I came across an opinion story at The Chronicle today about how we tend to focus on war more than peace.  I read the Language Log often and they cringe at the pop media “words arguments”:  language X has more words for Y.  Notably, the Eskimo snow argument crops up often.  Part of the problem is illustrated in this comic:  we have quite a few ways of describing snow in English, but that is often ignored.  Other problems relate to the morphology of those languages.

The Chronicle story brings up the Eskimo snow example while saying that we have words for many different wars, but only one word for peace.  For starters, I’m assuming words like tranquility and harmony don’t really count – we’re talking about the first sense in this WordNet listing (the state prevailing during the absence of war).  The thing that strikes me is that we’re describing the absence of something (war).  How many different absences could there be?  How could you describe the absence of something?

Examples of different peacetime policies or cultures could be given perhaps, but they rarely relate to the absence of war.  But we already have names for policy/cultural times (e.g., Truman Era, Great Depression, etc).  Other languages have similar names, such as Qing Dynasty or Edo Period.  Roughly speaking, they are an alternate description of time, but policy/culture isn’t mutually exclusive to war.

At a higher level, I wonder what it’d take for me to believe a words-based argument.  The Language Log highlighted an interesting post about untranslatable words, pointing out the difference between “not translatable” and “doesn’t have a one-word translation”.  Though I have to say the Russian toska seems close to the English word heartache.  Some of the others are more interesting.

Thinking about words without a single-word equivalent in other languages, the words-argument seems to roughly depend on the idea that shorter realizations reflect frequency (which I’d loosely agree with).  But instead, they only consider the difference between one word and multiple words.  Instead, maybe it would be better to consider the time it takes to say a given word or phrase.  The problem in considering the number of words directly is that some languages have rich morphology or compounding systems.

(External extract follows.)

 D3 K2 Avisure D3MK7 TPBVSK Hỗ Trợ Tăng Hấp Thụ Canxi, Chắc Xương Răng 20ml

At the same time, I also wonder about word frequency.  How do you decide which versions of “snow” count?  Do you count slang?  How do you handle dialect differences in languages?  Is soda vs pop one word or two in the counting scheme?  (The argument for one might say that the terms are mutually exclusive)  When you’re looking at dialect problems, how do you account for culture size and spread?  (I’d expect to find more regional variations in English than Inuit)

The only ideas I have for such a study is that you’d have to come up with all single-word realizations related to a concept in both languages, then translate each to a phrase in the other language.  Then for each pair of semantically identical phrases/words you would need to compare either the natural speaking length or else something like the relative frequency of each.  If you’re comparing relative frequency, you need to normalize out the cultural/regional effects somehow (e.g., how often do you need to talk about snow if you’re sampling English from Florida vs Inuit in Alaska?).  You could probably attempt this by sampling texts from the same region, but in that case the languages may have already borrowed some words from each other.  If you don’t have regionally similar data, you might need to compare something like P(realization_1 | wanted to talk about snow).  In other words, normalize out the differences in wanting to talk about the (loose) semantic concept.

I think the intended basis of the argument is to say that communication related to a concept is more or less efficient in certain languages.  To go a step further, I imagine people expect that languages develop as an optimization process.  Given that, I’m curious just what it would take for someone to convince me that one language is more optimal for certain communication than another language.